Personal Reform
Do you ever get in a mode of evaluating how you are doing, and consider what adjustments to make personally? I sense that this is common for people. In school, evaluations came in all kinds of ways. At work, it happens too. But people also do self-examinations in their personal lives. We often experience that it is not merely for effectiveness but happiness as well.
In the Christian life, our spiritual journey with Christ, this kind of self-check is ongoing. Twentieth-century theologian, H. Richard Niebuhr of Yale Divinity School, a noted ethicist, upheld that a deep mode of “perpetual reformation,” corporate and personal, is important within the Christian ethos. On this journey, Christ is forming us day by day. The call of the prophets and the cries of the psalms are filled with the convictions that we are not where we could be, and that we should be in cooperative transformation under the grace of God.
Every passage of scripture in the coming Sunday lessons lines up with this theme. In the Gospel of Mark, chapter ten, the “rich young man” comes to Jesus as a true seeker, wanting to know what he must do to be on the right track. Peter too asks for clarification about his grade in following Jesus. The passage from the Letter to the Hebrews 4:12-16 introduces a gripping image of how the Word, is a living, active, sharp, double-edged sword that can get right into us and sort out what we are made of at any time in our progress in Christ.

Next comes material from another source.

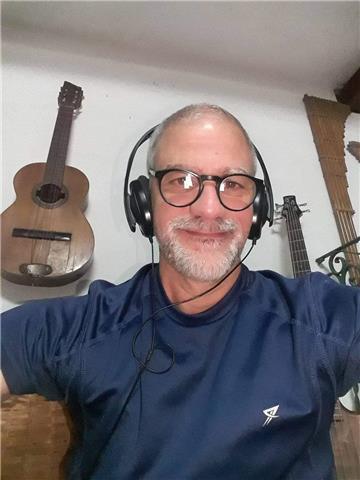 Soy músico y profesor cubano, con 30 años de experiencia en el sector educativo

Take special note here of how the passages from Amos and the Psalms guide us toward the hard work of our own reconstitution, and God’s merciful work of redirection, enabling us to order our steps away from evil, and apply our hearts to wisdom:
Seek good and not evil, that you may live;
and so the Lord, the God of hosts,
will be with you, just as you have said.
Hate evil and love good,
and establish justice in the gate;
it may be that the Lord, the God of hosts,
will be gracious to the remnant of Joseph. (Amos 5:14-15)
Psalm 90
12 So teach us to number our days *
that we may apply our hearts to wisdom.
13 Return, O Lord; how long will you tarry? *
be gracious to your servants.
14 Satisfy us by your loving-kindness in the morning; *
so shall we rejoice and be glad all the days of our life.
15 Make us glad by the measure of the days that you afflicted us *
and the years in which we suffered adversity.
Notice the sense of urgency in both passages. The prophet, Amos, is urging the people of God to conform to God’s ways. This is to avert the disaster coming their way. The Psalmist urgently asks for God’s help. In verse thirteen we ask God not to delay, and to bring grace to bear. One translation puts it this way: “Come back, O Lord! How long?—and have pity on Your servants.” Just before that, verse twelve, we ask help to be mindful of how few days we have, and to not waste days on foolishness, but to turn our hearts toward wisdom.
The collective impact of the Sunday Scriptures moves us powerfully to be in a process of reform to give our full attention to God as the Core of our lives. We come to understand that God is involved with us, working on us, and wants us to work hard too. All of this is to put us on a path of deep rejoicing and gladness all the days of our lives.